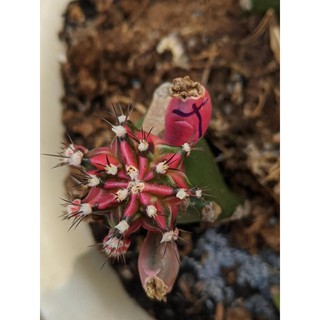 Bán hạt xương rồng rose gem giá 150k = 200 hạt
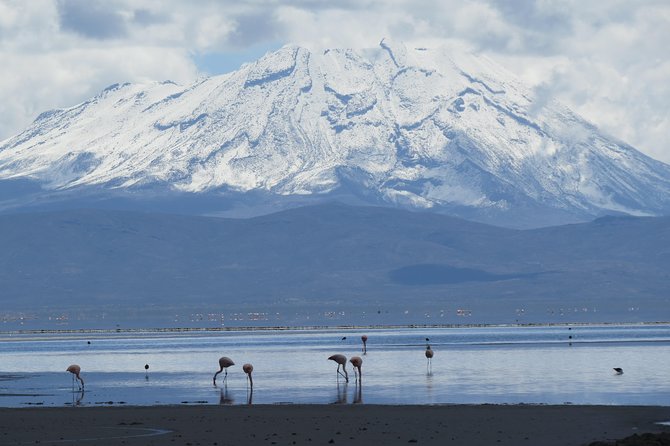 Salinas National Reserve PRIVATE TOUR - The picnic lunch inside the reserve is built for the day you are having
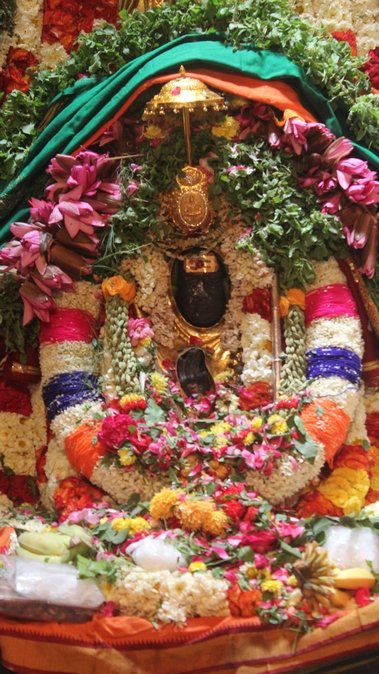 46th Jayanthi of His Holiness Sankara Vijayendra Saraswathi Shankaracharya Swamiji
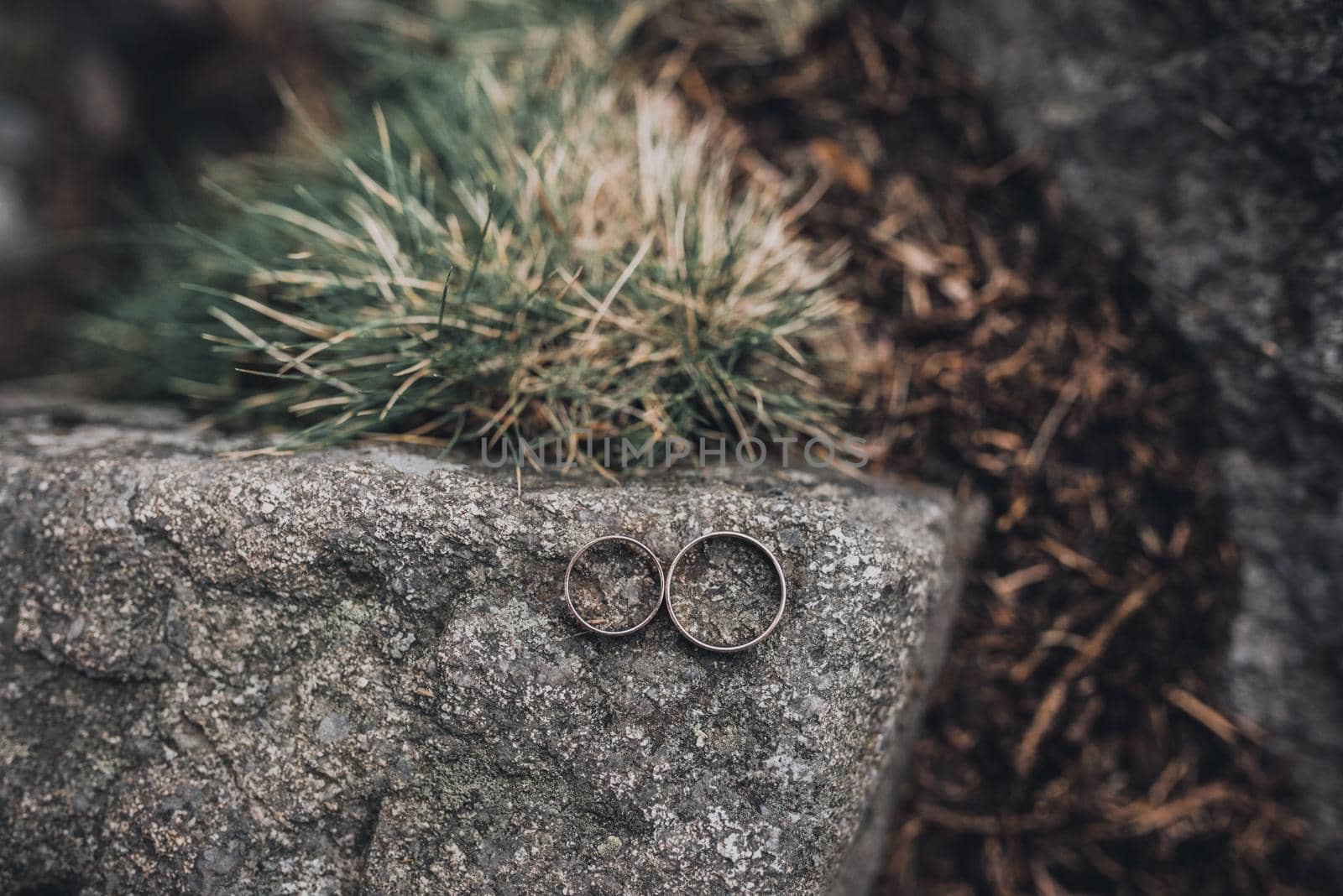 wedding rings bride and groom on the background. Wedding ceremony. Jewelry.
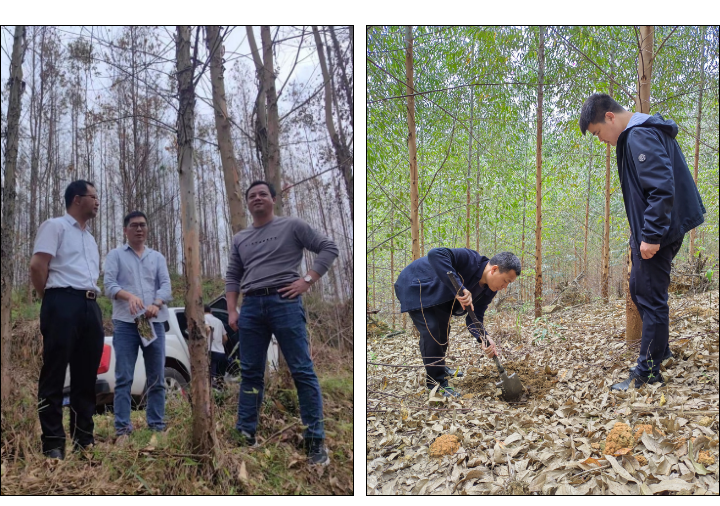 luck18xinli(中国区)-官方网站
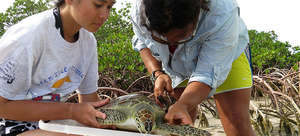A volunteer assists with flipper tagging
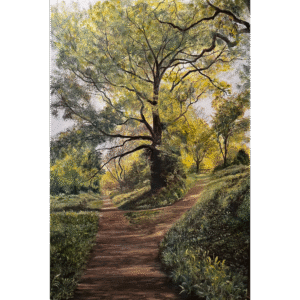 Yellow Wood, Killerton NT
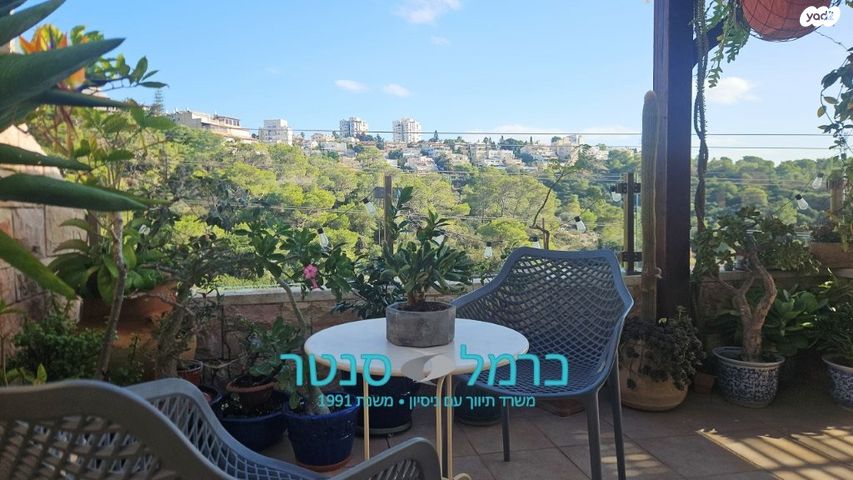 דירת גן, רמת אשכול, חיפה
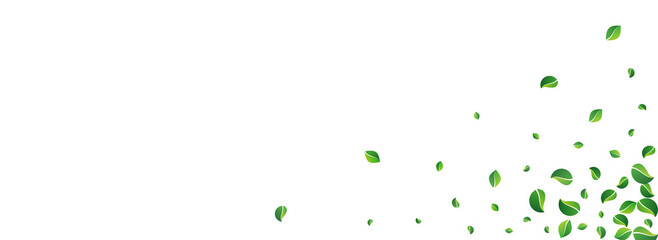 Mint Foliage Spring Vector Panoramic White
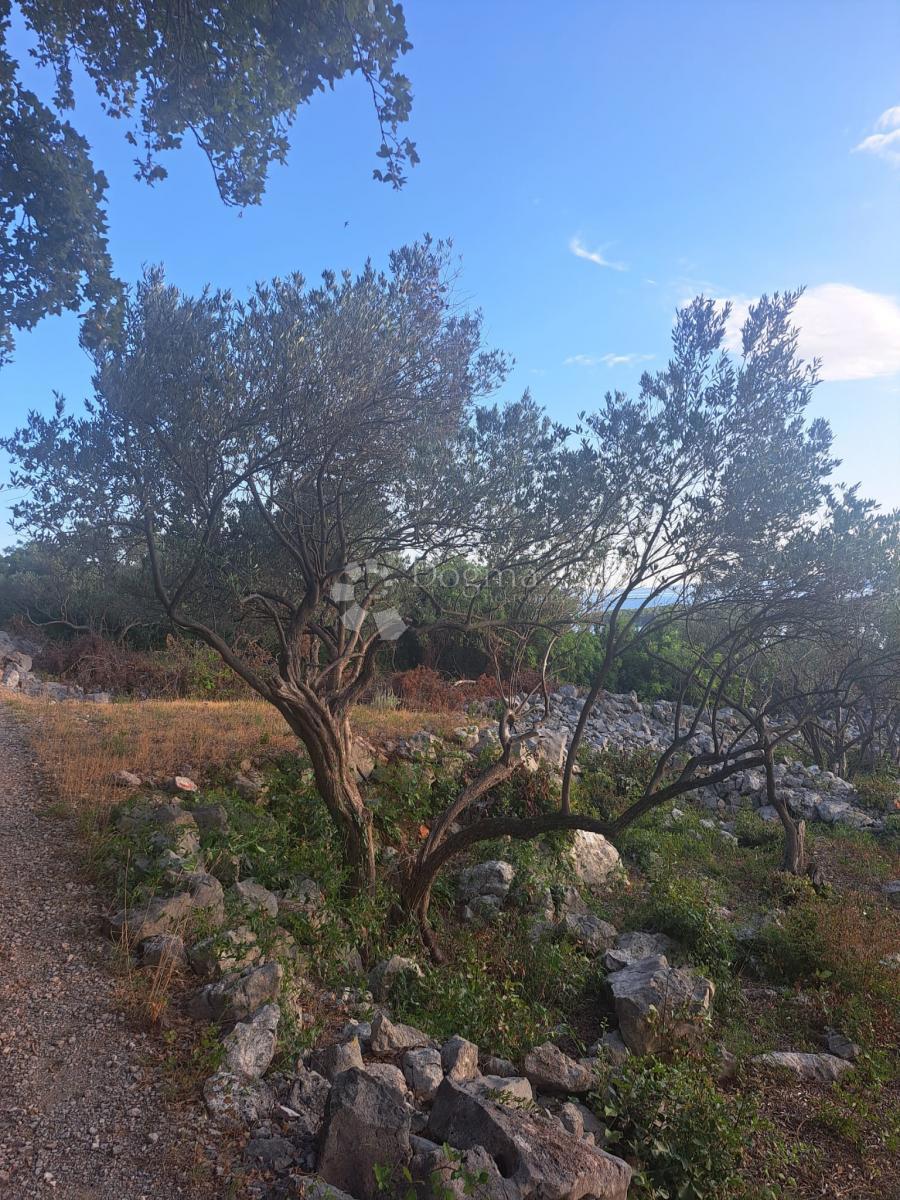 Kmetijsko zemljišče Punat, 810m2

□ □ □

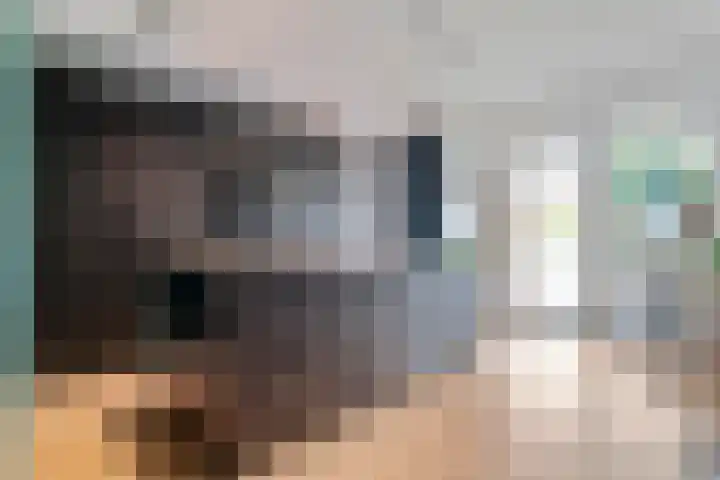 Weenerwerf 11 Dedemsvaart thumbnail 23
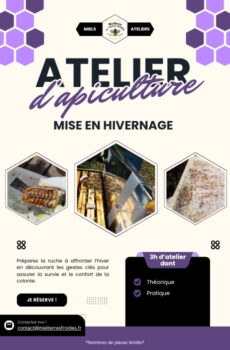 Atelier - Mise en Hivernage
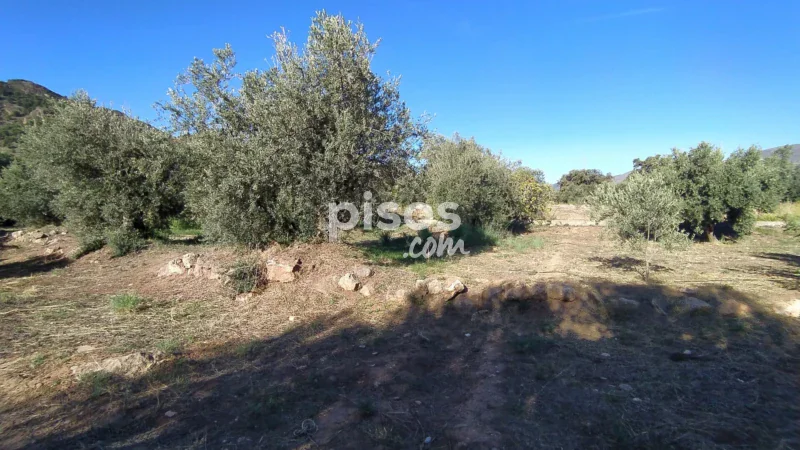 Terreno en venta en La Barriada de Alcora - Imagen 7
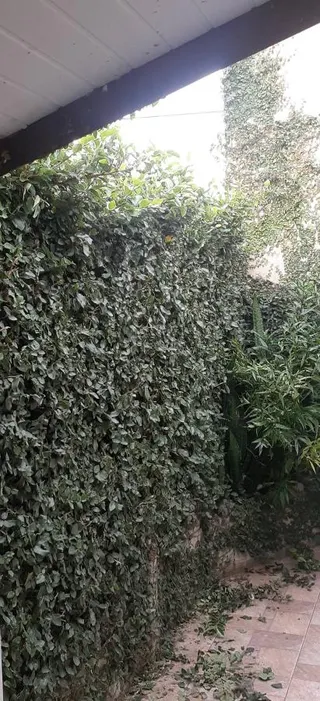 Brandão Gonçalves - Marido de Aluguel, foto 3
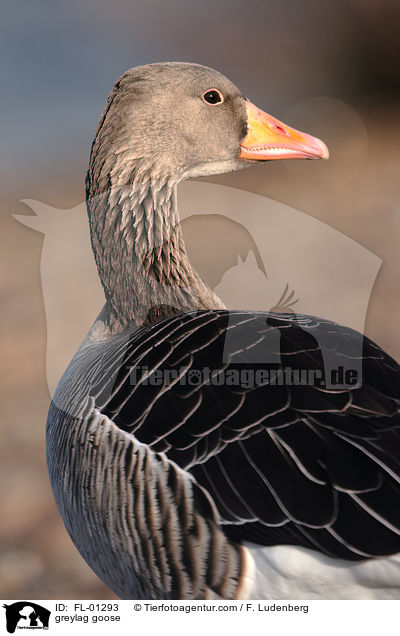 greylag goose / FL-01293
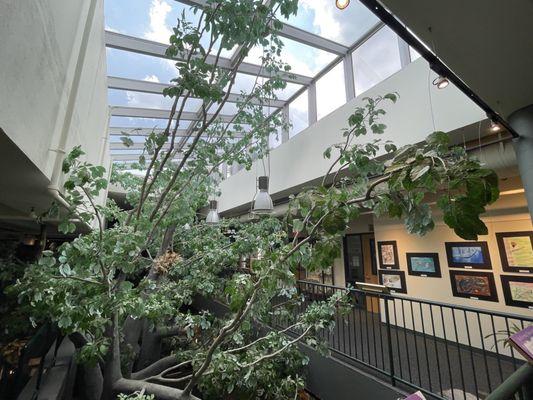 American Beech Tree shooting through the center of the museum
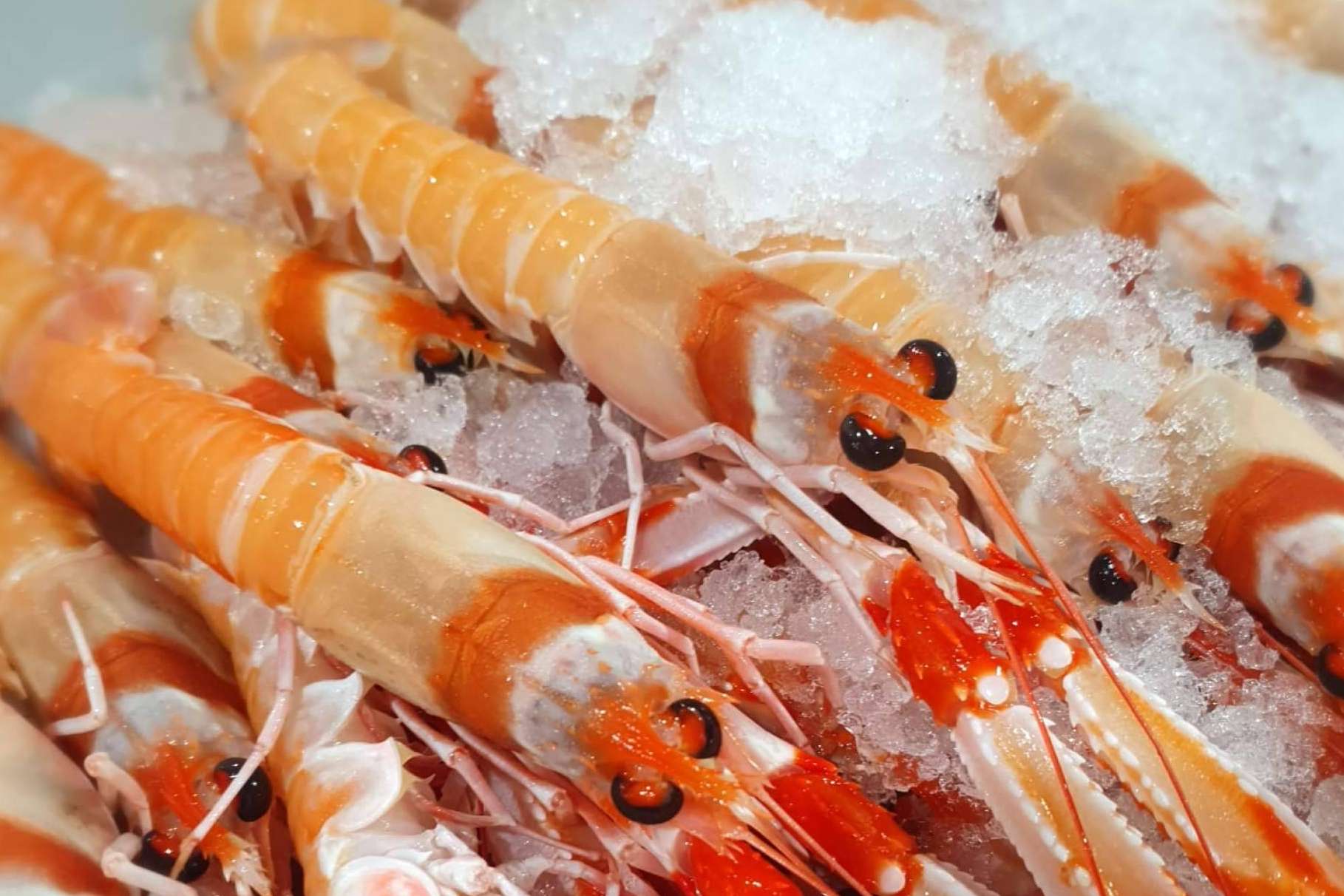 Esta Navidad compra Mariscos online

□ □ □

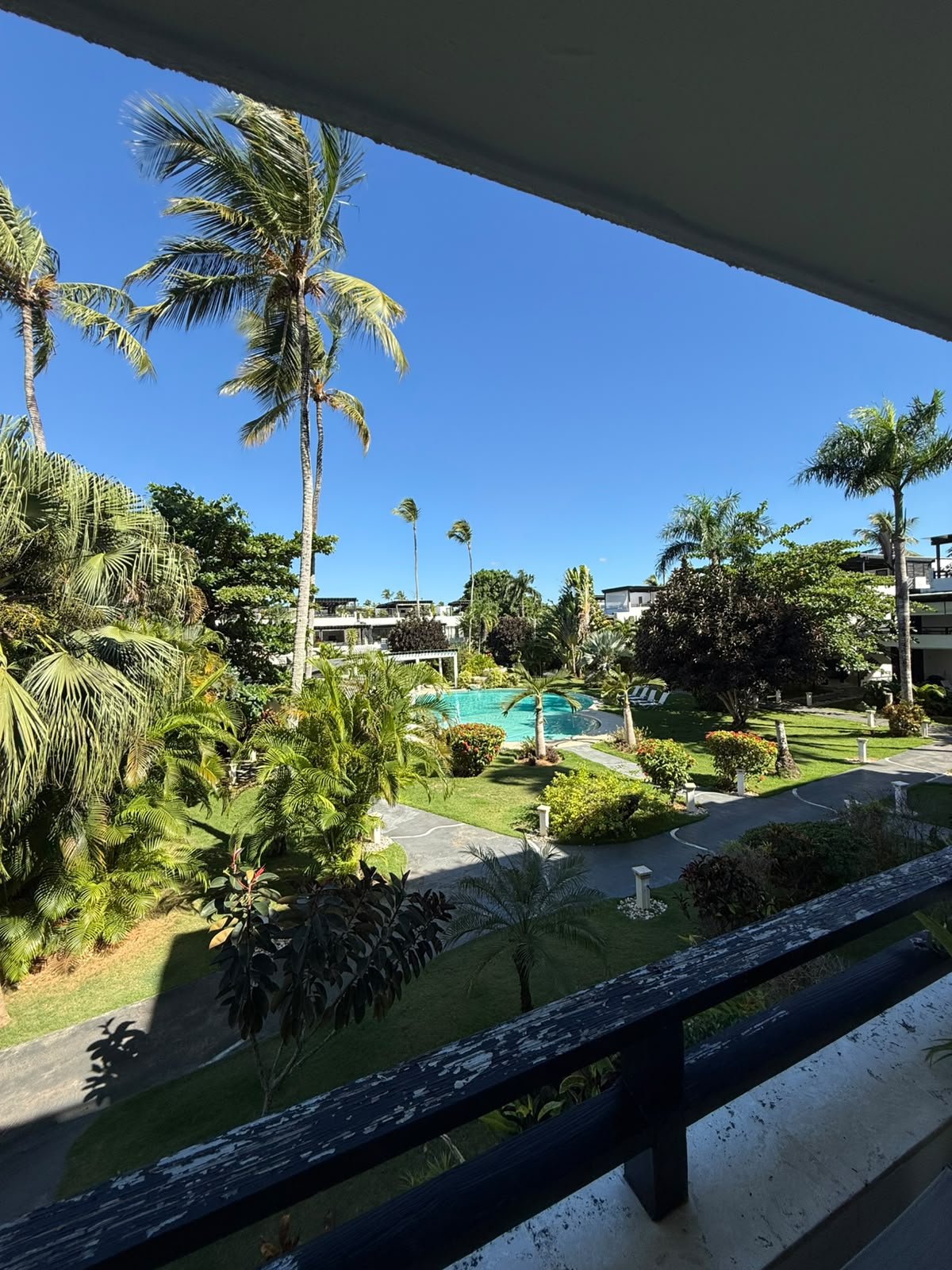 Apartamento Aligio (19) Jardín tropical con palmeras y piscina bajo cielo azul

□ □ □

§ Task prompt:
From the records above, give again only the part that opens with the line containing "American Beech Tree" and closes with the line containing "Esta Navidad compra Mariscos online". Keep both ends but drop the pictures.

§ Exercise solution:
 American Beech Tree shooting through the center of the museum
 Esta Navidad compra Mariscos online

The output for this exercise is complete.